Environmental enteric dysfunction (EED) is a gastrointestinal inflammatory disease caused by malnutrition and chronic infection. EED is associated with stunting in children and reduced efficacy of oral vaccines. To study the mechanisms of oral vaccine failure during EED, we developed a microbiota- and diet-dependent mouse EED model. Analysis of E. coli-labile toxin vaccine-specific CD4⁺ T cells in these mice revealed impaired CD4⁺ T cell responses in the small intestine and but not the lymph nodes. EED mice exhibited increased frequencies of small intestine-resident RORγT⁺FOXP3⁺ regulatory T (Treg) cells. Targeted deletion of RORγT from Treg cells restored small intestinal vaccine-specific CD4 T cell responses and vaccine-mediated protection upon challenge. However, ablation of RORγT⁺FOXP3⁺ Treg cells made mice more susceptible to EED-induced stunting. Our findings provide insight into the poor efficacy of oral vaccines in EED and highlight how RORγT⁺FOXP3⁺ Treg cells can regulate intestinal immunity while leaving systemic responses intact.

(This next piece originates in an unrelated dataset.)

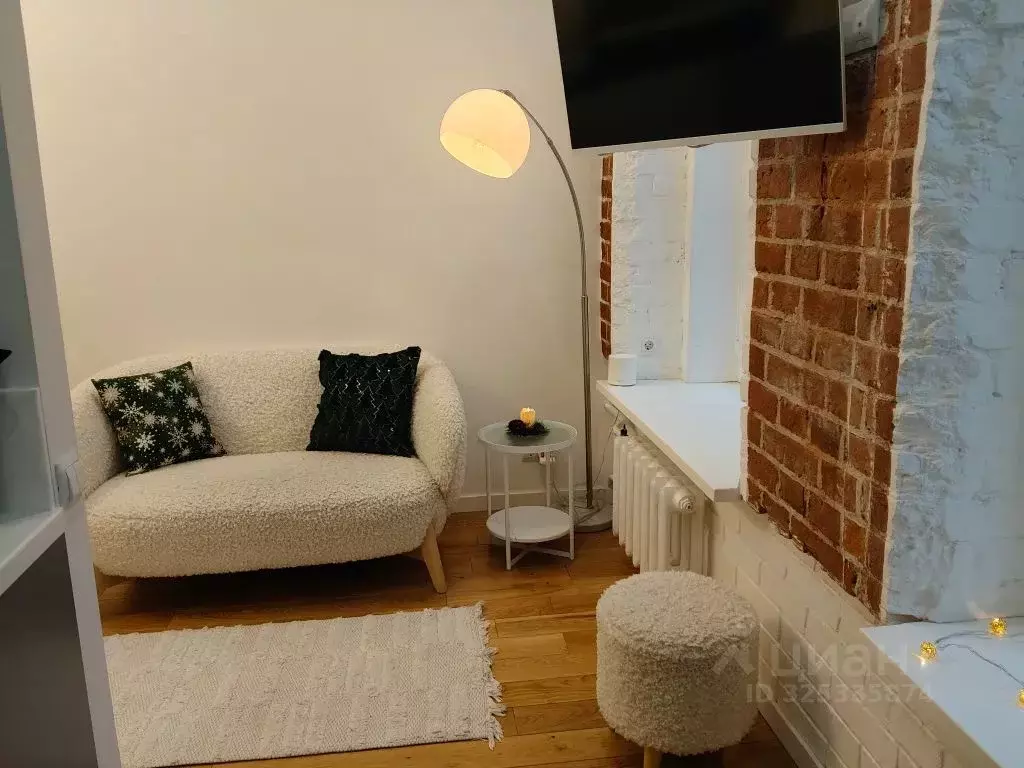 Студия Москва ул. Петровка, 17С2 (28.0 м) - Фото 1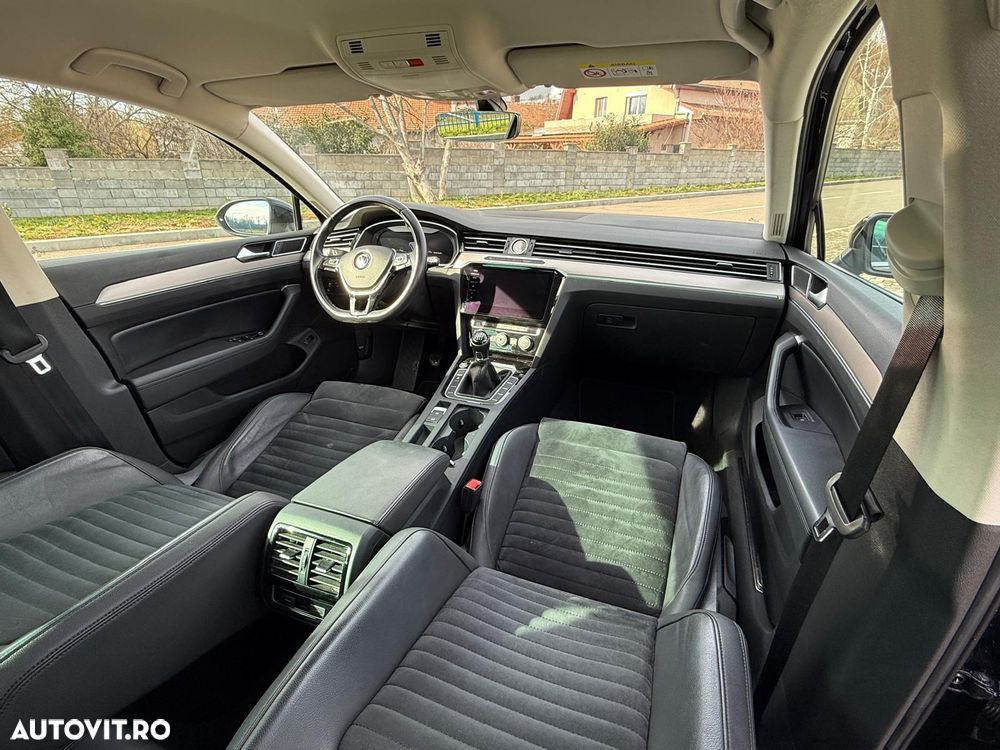 Volkswagen Passat 2.0 TDI R Executive - 14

环境肠道功能障碍（EED）是一种由营养不良和慢性感染引起的胃肠道炎症性疾病。EED 与儿童发育迟缓和口服疫苗效力降低有关。为了研究 EED 期间口服疫苗失败的机制，我们开发了一种微生物群和饮食依赖的小鼠 EED 模型。对这些小鼠中大肠杆菌不稳定毒素疫苗特异性 CD4 ⁺ T 细胞的分析显示，小肠中的 CD4 ⁺ T 细胞反应受损，但淋巴结中没有。EED 小鼠的小肠内 RORγT ⁺ FOXP3 ^{+频率增加}调节性 T (Treg) 细胞。从 Treg 细胞中靶向缺失 RORγT 可恢复小肠疫苗特异性 CD4 T 细胞反应和疫苗介导的攻击保护。然而，RORγT ⁺ FOXP3 ⁺ Treg 细胞的消融使小鼠更容易受到 EED 诱导的发育迟缓。我们的研究结果提供了对口服疫苗在 EED 中效果不佳的洞察，并强调了 RORγT ⁺ FOXP3 ⁺ Treg 细胞如何调节肠道免疫，同时保持全身反应完整。